Kaos mühendisliği öğrenmekle ilgilidir; hem teknik açıdan hem de organizasyonel/insan perspektifinden; dolayısıyla doğru paydaşları bir araya getirerek işe başlamalısınız.
Dahil olan ekipler arasında operasyonlar, geliştiriciler, güvenlik ve mimarlar yer alabilir ve bunlar bilgilerine dayanarak ne olacağını düşündüklerini varsaymalıdır. Deney yürütüldükten sonra, karşılaştırmalar yapılabilir ve gelecekteki karar alma süreçlerini bilgilendirmek için dersler çıkarılabilir.
Hershmann, “Bu deneyi yalnızca sisteme ne olacağını öğrenmek için değil, aynı zamanda buna yönelik bir acil durum planınız olup olmadığını öğrenmek için yapıyorsunuz,” diye açıklıyor. “Belki de beklentileriniz doğruydu, belki de değildi.
“İkinci ders, bir acil durum planınız varsa, işe yarıyor mu? Bunu alın, gerektiği gibi değişiklikler yapın ve ardından deneyi tekrar çalıştırın. Umarım bu sefer her şey yoluna girer ve beklendiği gibi amacına hizmet eder.”
Küçükten başlamak ve nereye odaklanmak gerekir
Kaos mühendisliğine ilk kez adım atmayı düşünüyorsanız, uzmanlar giriş sayfanızdaki çerezlerin öngörüldüğü gibi çalıştığını doğrulamak gibi küçük bir şeyle başlamanızı öneriyor.
Shortridge, “Başlangıçta yeterince karşı çıkamadığım çok daha büyük bir deneyle başlarsanız, bu pahalı olacaktır çünkü birkaç ekibi dahil etmeniz ve bilgiyi seviyelendirmeniz gerekecektir” diyor.
Ayrıca bir sahneleme veya test ortamıyla başlamayı öneriyor çünkü “eğer bir üretim ortamında Netflix tarzında bir şeyler yaparsanız ve bir şeyler ters giderse, işleri yoluna koymak çok daha acil hale gelir.”

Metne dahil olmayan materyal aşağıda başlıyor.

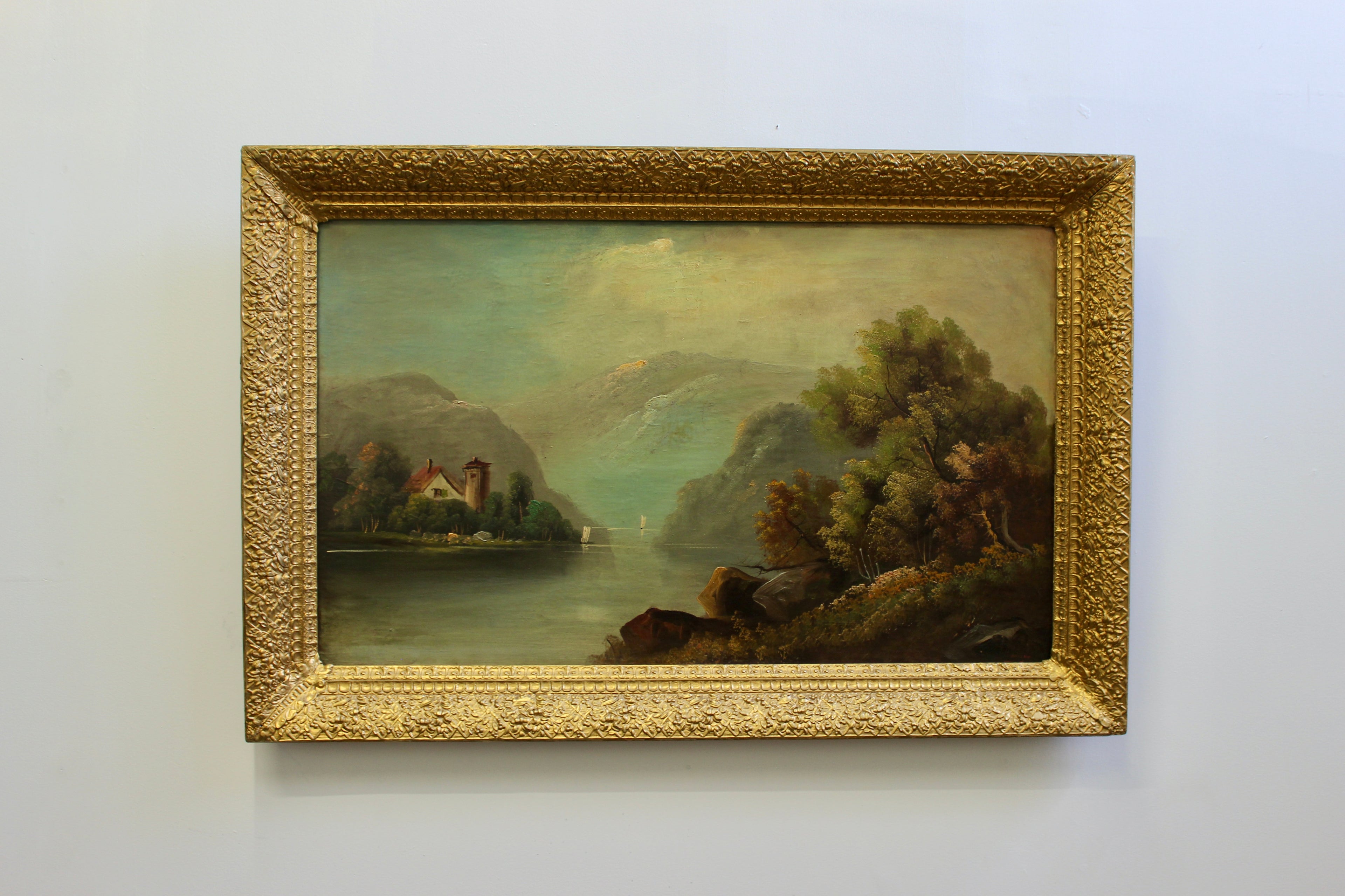 Vintage Scenic Oil on Board in Gilt Frame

Konu neyi test edeceğinize geldiğinde Shortridge, en büyük ticari etkiyi yaratacak alanlara odaklanmanız gerektiğini vurguluyor.
“Bir şeyler ters giderse, işletmenize para, zaman veya itibar kaybettirecek olan, iş açısından kritik şeyler olmalı ,” diye açıklıyor. “Bunların öngörüldüğü gibi çalıştığından ve olası başarısızlıkların etkisini en aza indirmek için her şeyin yerli yerinde olduğundan emin olmak istersiniz.”
Shortridge, kuruluşların GDPR gibi düzenlemelere uyumlarını , bir sistemin belirteçleri anonimleştirme becerisine ilişkin varsayımlarını test ederek sürdürmelerine örnek veriyor.
” Şifrelenmemiş bir token enjekte edebilirsiniz – ideal olarak üretim ortamından ziyade bir test ortamında – sistemin bunu nasıl işlediğini görmek için. Önemli olan bunu uçtan uca görmektir. Sadece başlangıçta bir ret olup olmadığına değil, aynı zamanda aşağı akışa da bakıyorsunuz.
“Bir uyarı var mıydı? İnsanlarınız uyarıyı fark etti mi? Bu konuda ne yapabilirlerdi – müdahale etmeleri ve harekete geçmeleri için yeterli bağlam var mıydı? Uyumluluk ekibi bilgilendirildi mi? Gerçekten önemli olan sistemin uçtan uca resmidir,” diye sonlandırıyor.